Task goal => When you reach the line containing "Moderne fotocollage slaat" in the entries below, start writing out each line exactly, and stop after the line containing "Poster A drawing of a woman and two wolfs".

Study material Block Start

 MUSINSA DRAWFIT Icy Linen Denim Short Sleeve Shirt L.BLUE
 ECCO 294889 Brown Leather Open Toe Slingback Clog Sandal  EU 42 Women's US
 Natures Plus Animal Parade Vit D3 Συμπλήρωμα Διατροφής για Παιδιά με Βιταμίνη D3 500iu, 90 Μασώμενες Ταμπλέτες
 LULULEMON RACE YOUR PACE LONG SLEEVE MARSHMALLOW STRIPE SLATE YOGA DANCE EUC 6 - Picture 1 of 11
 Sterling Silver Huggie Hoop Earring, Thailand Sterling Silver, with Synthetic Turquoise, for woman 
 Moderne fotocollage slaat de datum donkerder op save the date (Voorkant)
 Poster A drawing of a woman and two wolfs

Study material Block End
Study material Block Start

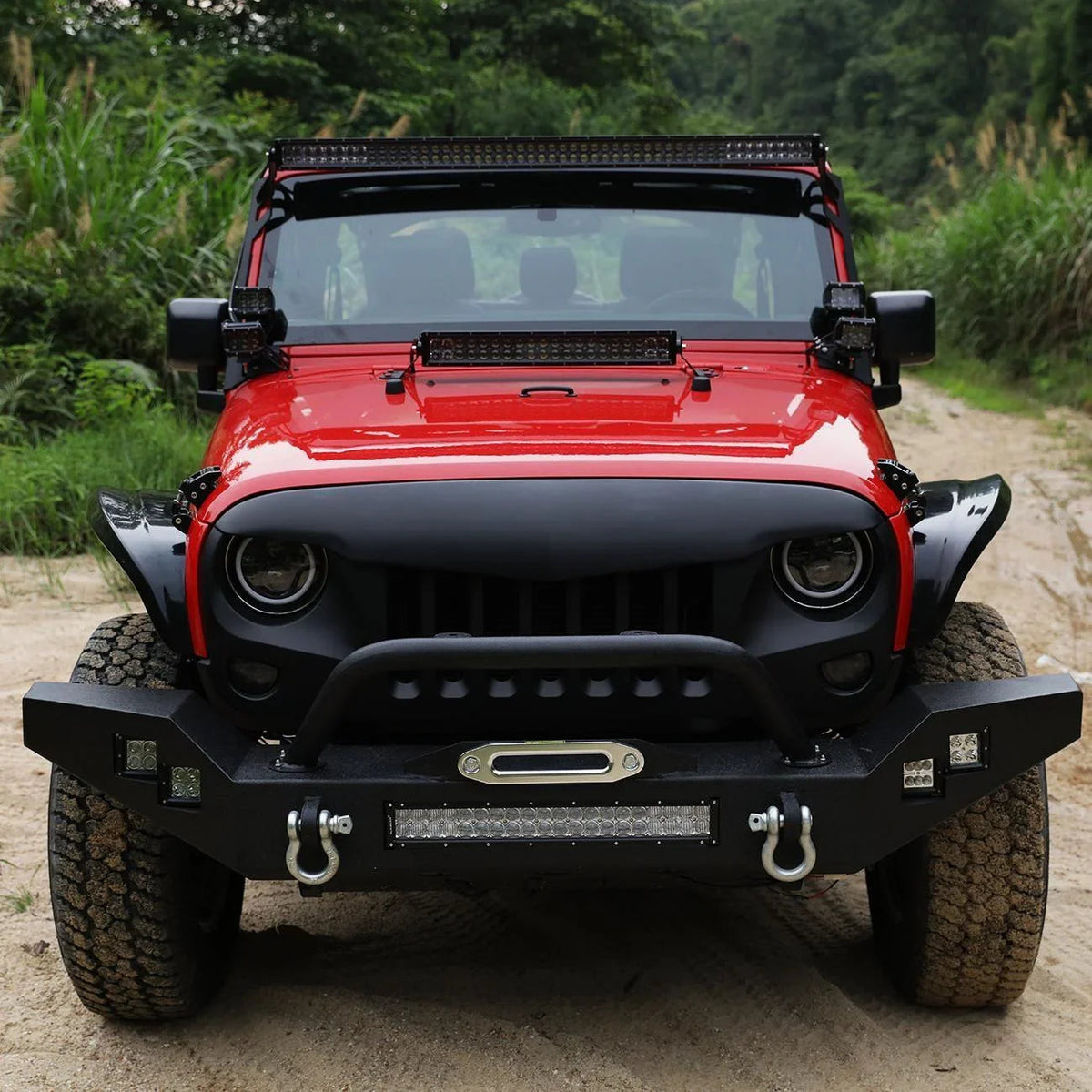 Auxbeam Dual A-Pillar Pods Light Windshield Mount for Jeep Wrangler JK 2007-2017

Study material Block End

Solution =>
 Moderne fotocollage slaat de datum donkerder op save the date (Voorkant)
 Poster A drawing of a woman and two wolfs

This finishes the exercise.